In our most recent post, we took a look at and a listen to Shepard tones and their cousins, Shepard-Risset glissandos, which are tones or sequences of tones that create the illusion of perpetually rising (or falling) pitch. The illusion is created by overlaying a number of tones, separated by octaves, rising in unison. The volumes gradually increase from low pitch to middle pitch and gradually decrease from middle pitch to high pitch, leading to a fairly seamless continuous tone.

The same idea can be applied, mutatis mutandis, to percussive loops instead of tones, and to speed instead of pitch, thus creating the illusion of a rhythmic track that is perpetually speeding up (or slowing down). (The mechanism is exactly the same as that of the Shepard tone, so rather than provide an explanation here, I will simply refer the reader to the previous post.) Such a rhythm is known as a Risset rhythm.

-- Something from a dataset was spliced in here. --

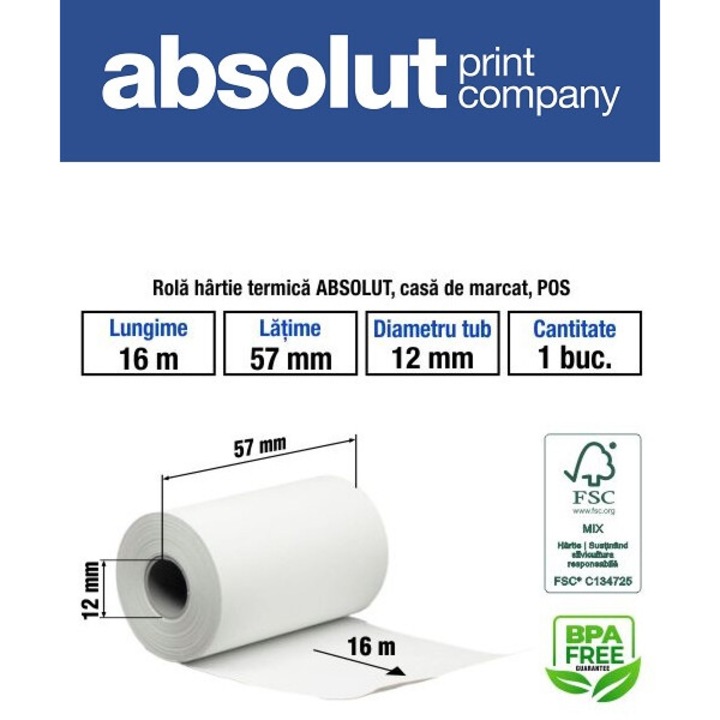 Rola hartie termica ABSOLUT, casa de marcat, POS, 57mmx16m, 48g, tub 12mm, BPA free, 1buc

I coded up some very basic examples on Supercollider. Here’s an accelerating Risset rhythm:

And a decelerating Risset rhythm:

Here’s a more complex Risset rhythm:

And, finally, a piece of electronic music employing Risset rhythms: “Calculus,” by Stretta.

 

Infinite Ascent: Shepard Tones

Have you ever been watching a movie and noticed that the musical score was seeming, impossibly, to be perpetually rising, ratcheting up the intensity of the film more and more? Or perhaps it seemed to be perpetually falling, creating a deeper and deeper sense of doom onscreen? If so, it is likely that this effect was achieved using a Shepard tone, a way of simulating an unbounded auditory ascent (or descent) in a bounded range.

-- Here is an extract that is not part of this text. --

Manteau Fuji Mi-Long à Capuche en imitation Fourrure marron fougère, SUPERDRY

To understand how Shepard tones work, let’s look at a simplified implementation of one. We will have three musical voices (middle, low, and high), with an octave between successive voices. The voices then start to move, in unison, and always an octave apart, up through a single octave, over, say, five seconds. As they go, though, they also change their volumes: the middle voice stays at full volume the whole time, the low voice gradually increases from zero volume to full volume, and the high voice gradually decreases from full volume to zero volume. The result will simply sound like a tone rising through an octave, and it can be represented visually as follows.

shepard_1

This by itself is nothing special, though. The trick of the Shepard tone is that this pattern is then repeated over, and over, and over again. Each repetition of the pattern sounds like a tone ascending an octave, but, because of the volume modulation, successive patterns are aurally glued together: the low voice from one cycle leads seamlessly to the middle voice of the next, the middle voice from one cycle leads seamlessly to the high voice of the next, and the high voice simply fades away. The result sounds like a perpetually increasing tone.

shepard_2

Note the similarity to the visual barber pole illusion, in which a rotating pole causes stripes to appear to be perpetually rising. Also, this whole story can be turned upside down, which will lead to a perpetually falling tone.

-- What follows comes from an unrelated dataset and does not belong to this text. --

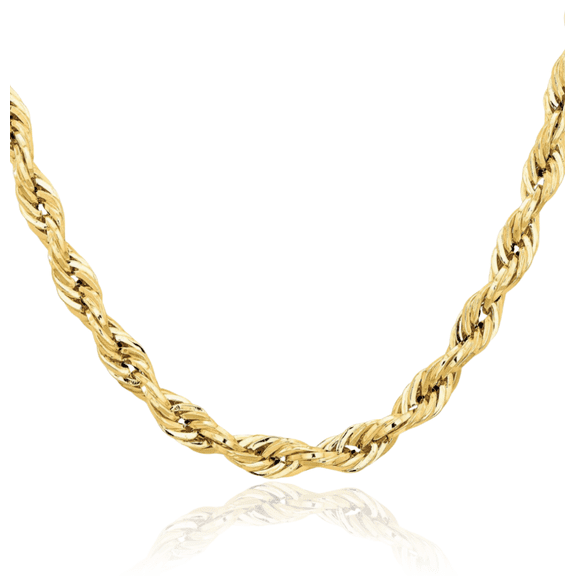 14K Solid Yellow Gold 7mm Rope Chain Twisted Link Necklace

Let’s hear some Shepard tones in action! Now, in practice, using only three voices does not create a particularly convincing illusion, so, to make these sounds, I used nine voices, spread across nine octaves. Also, linearly varying the volume, as in the above visualization, seems to make it more noticeable when voices enter or fade away, so I used something more like a bell curve.

(Technical notes: These Shepard tones were created in Supercollider, using modified code written by Eli Fieldsteel, from whose YouTube tutorials I have learned a great deal of what I know about Supercollider. Also, I used a formant oscillator instead of the more traditional sine oscillator.)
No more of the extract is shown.